The Gamaragal or Cameragal People

Keith Vincent Smith

For countless generations the Gamaragal or Cameragal lived as hunters and fishers in the rich saltwater environment at the gateway to the Pacific Ocean.

They occupied the north shore of Port Jackson (Sydney Harbour), from Karabilye (Kirribilli) opposite Warrane (Sydney Cove) and north along the soaring yellow-brown sandstone cliffs of Gurrugal (Georges Head), Cubba Cubba (Middle Head) and Garungal or Carangle (North Head) to Kayeemy (Manly Cove). Their territory ran north along the coast to Broken Bay, entrance to the Hawkesbury River.

On these shores the Gamaragal sang, danced, fought ritual battles, fished, swam, told stories, laughed and slept around their campfires beneath the stars. Today shell middens, hand stencils and myriad figures of ancestral spirits, people, fish, whales and animals incised in sandstone evoke their cultural world and artistry.

‘Cammera’ as a district and ‘Cammerragal’ as the name of a ‘tribe’ were first mentioned in Governor Arthur Phillip’s first despatch to Lord Sydney at the Home Office in London dated 13 February 1790. His informant was Woollarawarre Bennelong ‘the native now living with us’, who had been captured less than three months earlier.

‘Cammeragal’ is the first name listed as a ‘tribe’ in the vocabulary (Anon. 1791) kept by Phillip and his aides, catalogued as Notebook C in the School of Oriental and African Studies at the University of London. ‘The tribe of Camerra’, wrote Philip Gidley King, ‘inhabit the North part of Port Jackson which is somewhere named Camerra’.

The Aboriginal social groups that First Fleet observers called ‘tribes’ are now called ‘clans’ or extended families, while the term ‘tribes’ describes  clans in an area in which the same language is spoken.

Gamaragal life revolved around fishing, hunting small game and gathering shellfish and edible bushfoods. Theirs was a canoe culture. Men and women glided over the harbour waters, in bays, creeks and lagoons in their most prized possession, a nawi or stringybark canoe.

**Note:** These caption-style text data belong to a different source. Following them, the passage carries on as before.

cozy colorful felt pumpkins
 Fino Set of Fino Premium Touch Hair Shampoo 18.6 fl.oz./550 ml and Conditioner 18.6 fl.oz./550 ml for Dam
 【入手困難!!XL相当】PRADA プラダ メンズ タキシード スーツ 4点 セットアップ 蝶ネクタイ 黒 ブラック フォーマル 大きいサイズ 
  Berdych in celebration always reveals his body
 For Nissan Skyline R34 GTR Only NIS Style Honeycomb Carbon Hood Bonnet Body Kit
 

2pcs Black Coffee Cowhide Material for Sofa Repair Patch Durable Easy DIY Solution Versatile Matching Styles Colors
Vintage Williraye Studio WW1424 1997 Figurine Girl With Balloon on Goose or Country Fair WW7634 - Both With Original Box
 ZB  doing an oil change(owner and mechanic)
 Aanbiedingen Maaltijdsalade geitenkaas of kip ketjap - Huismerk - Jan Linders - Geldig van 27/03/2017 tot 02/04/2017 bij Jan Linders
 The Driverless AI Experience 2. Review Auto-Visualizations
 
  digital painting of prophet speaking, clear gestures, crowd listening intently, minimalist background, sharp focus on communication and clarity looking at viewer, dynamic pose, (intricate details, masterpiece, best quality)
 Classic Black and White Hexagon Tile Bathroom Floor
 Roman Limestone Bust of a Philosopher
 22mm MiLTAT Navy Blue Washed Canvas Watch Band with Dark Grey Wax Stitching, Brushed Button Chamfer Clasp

With deft skill Gamaragal women carefully chipped and shaped shiny berá or shell lures used without bait to provide fresh food for their families.

They chanted as they fished with handlines of twisted bark twine, ‘singing’ the fish to bite.

Aboriginal men traditionally caught fish from the rocks or in shallow water with long spears called muting, headed with three or four pronged points, which the English settlers called fish-gigs. To make a nawi or a shield or build a simple gunyah or shelter, men cut bark sheets from stringybark or Casuarina trees using an axe with a hard stone head sharpened at one end called a mogo.

Governor Phillip was so impressed by the Gamaragal he met at Kayeemy on 21 January 1788 that he wrote in a despatch

“Their confidence and manly behaviour made me give the name of Manly Cove to this place.”

The crescent-shaped sandy beach at Kayeemy (Manly Cove) was the scene of many encounters between the British settlers and the Indigenous people. Here on the governor’s orders Arabanoo (at first called ‘Manly’) was abducted on 30 December 1788.  Sadly, Arabanoo contracted smallpox and died on 18 May 1789.

On 25 November 1789 two Aboriginal men were lured by fish from a gathering at Kayeemy, which had become a centre of resistance. They were seized, bound and taken by boat to Sydney Cove. They were Colebee, leader of the Cadigal, whose territory opposite the Gamaragal ran from South Head to Darling Harbour and Woollarawarre Bennelong, a Wangal from the south shore of the Parramatta River.

Here too, Bennelong and Colebee took revenge for their loss of liberty, calling in Willemering, a carradhy or clever man from Broken Bay, who on 7 September 1790 speared and wounded Governor Phillip during an Aboriginal whale feast. Bennelong came in peacefully and formed an unlikely friendship with Governor Phillip who took him and his kinsman Yemmerrawanne to England in December 1792.